I scolded when Beaux pounced on Roo-Roo, the crippled yard rooster. I let him know in no uncertain terms, the he was not to play With Roo-Roo. He got the message. Same thing with Dottie and her two sidekicks. I dragged him to them and fussed after he ran through them several times, making them run and flutter. he got that message too. BUT I never told him that Chic-Chic was off limits. Thinking on his terms, Momma said I can't play with those other chickens, but she said NOTHING about THIS one! And so he had a fun time with her, only to play with her to death. So am I going to have to introduce him to every single chicken on this place, one by one and explain to him that he cannot play with them? Sigh.....

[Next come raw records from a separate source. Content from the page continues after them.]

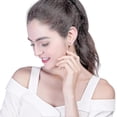 thumbnail image 5 of 925 Sterling Silver Stud Earrings 3Pairs Stud Earrings for Women Men with Zircon Gift, 4-6MM, 5 of 5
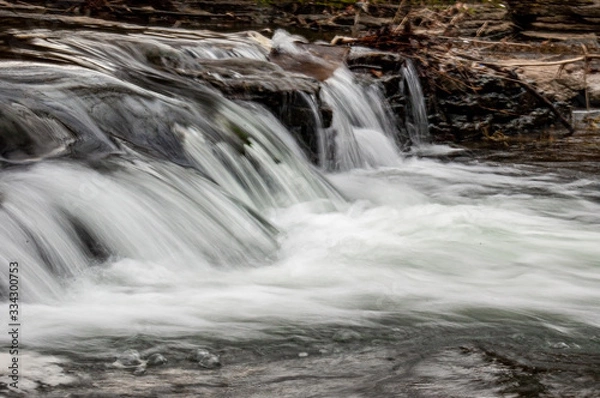 Obraz waterfall in the forest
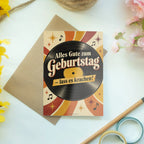 Lustige Grußkarte Musik zum Geburtstag mit Schallplatte|p:2017240|h:ab4666ee2ebb604562fdf9de3012f0f6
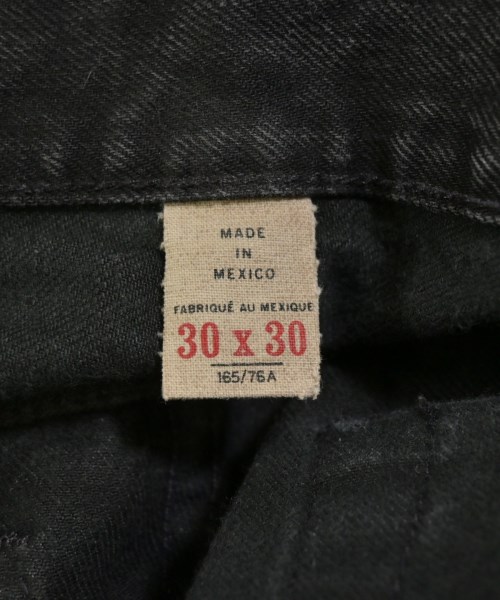 RRL（ダブルアールエル）デニムパンツ 黒 サイズ:30(M位) メンズ/2200634795084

I am not surprised by Beaux killing a chicken. He is a hunting dog. His breed runs down cattle and brings them in to be worked. His breed runs feral hogs for hunters. His breed is fierce, strong willed, independent and everything you want in a farm/ranch dog. He already is a fantastic farm dog. He is brilliant smart, he learns. I made this an event he will NEVER forget-ever.

 As I write this, he is still in his kennel. It may take a few days for him to bounce back, he has a lot to think about. I left the newspaper right where Chic-Chic died, with a brick to weight it down. I will return Beaux to the scene of the crime over the next few days. I will not use the newspaper on him again, but will calmly explain to him why he cannot play with the chickens. I kept a few of her feathers to remind him. Every day is a training day, I hope we don't have any more like this. I am pretty sure he got the message. I need to go pet him again and reinforce that he is loved and that I am not mad at him anymore.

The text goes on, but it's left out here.